I’m not a strong believer in the absolute value of capitalism. It is a good generator of wealth, but that assumes that wealth is an end worth pursuing for its own sake. It also has the problem of not necessarily distributing the generated wealth in a fair or equitable way. In this book, Sandel offers another critique of market-based capitalism: the market mindset can be inherently corrupting. For example, he points out:

The corrosive effect of market relations is sometimes strong enough to override the price effect: offering a financial incentive to accept a hazardous facility, or go door-to-door collecting charity, or show up on time reduced rather than increased people’s willingness to do so.

While he relies a bit too much on some of his examples, over-repeating the case, he does provide a good argument for the corrupting nature of market relations as a means of organizing human behavior.

Another, damning critique Sandel provides is that the basis of market-based thinking is centered on the concept of scarcity, but that concept does not necessarily apply to all spheres:

“If we economists do [our] business well,” Robertson concludes, “we can, I believe, contribute mightily to the economizing… of that scarce resource Love,” the “most precious thing in the world.”

To those not steeped in economics, this way of thinking about the generous virtues is strange, even far-fetched.
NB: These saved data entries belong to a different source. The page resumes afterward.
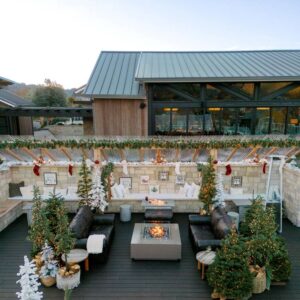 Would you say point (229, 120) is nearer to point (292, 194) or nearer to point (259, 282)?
point (292, 194)

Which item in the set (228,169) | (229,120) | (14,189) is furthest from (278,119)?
(14,189)

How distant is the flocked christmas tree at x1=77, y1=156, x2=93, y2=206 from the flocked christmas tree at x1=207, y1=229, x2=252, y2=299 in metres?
4.82

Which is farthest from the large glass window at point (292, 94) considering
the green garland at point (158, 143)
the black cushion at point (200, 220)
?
the black cushion at point (200, 220)

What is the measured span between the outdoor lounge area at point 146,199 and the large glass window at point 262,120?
4.01 metres

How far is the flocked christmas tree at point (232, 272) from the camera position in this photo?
15.5 feet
It ignores the possibility that our capacity for love and benevolence is not depleted with use,but enlarged with practice.

Overall, I found this to be a satisfying critique of how market thinking has influenced and sullied culture, especially American culture. As we enter eras in which scarcity becomes a non-concern in other less ephemeral areas (the effective marginal cost of zero to duplicate data being a key example), this critique grows in importance making this a critical read for anyone thinking about economic and social policy.